*Aim of the exercise*. Each line of the material should be set down exactly. Pictures are not part of the copy.

*Dataset section*.
* * * * * * * * *

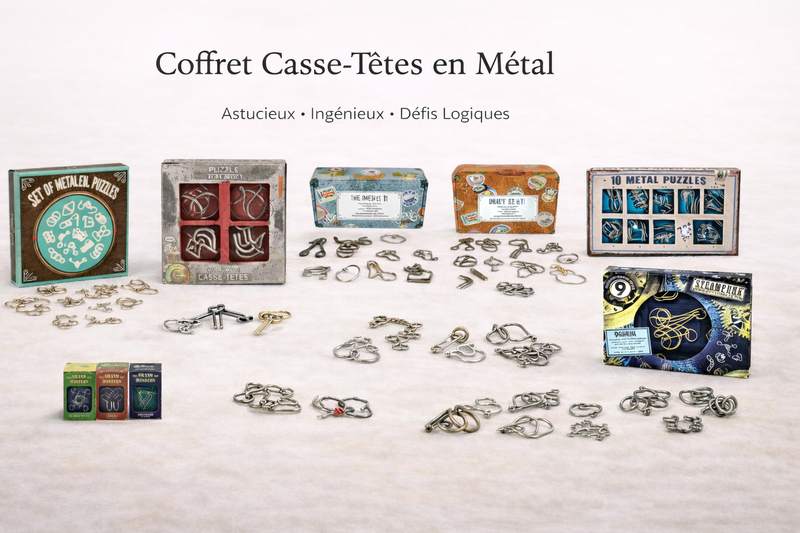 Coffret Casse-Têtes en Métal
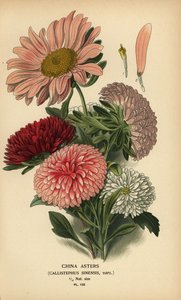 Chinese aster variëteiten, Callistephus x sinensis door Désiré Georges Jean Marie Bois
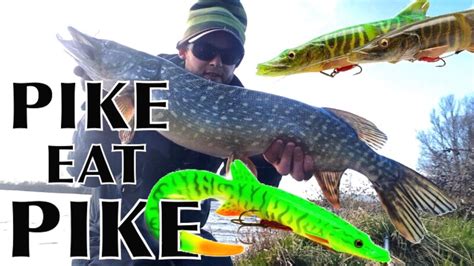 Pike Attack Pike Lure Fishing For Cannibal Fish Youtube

* * * * * * * * *

*Finished task*.
 Coffret Casse-Têtes en Métal
 Chinese aster variëteiten, Callistephus x sinensis door Désiré Georges Jean Marie Bois
 Pike Attack Pike Lure Fishing For Cannibal Fish Youtube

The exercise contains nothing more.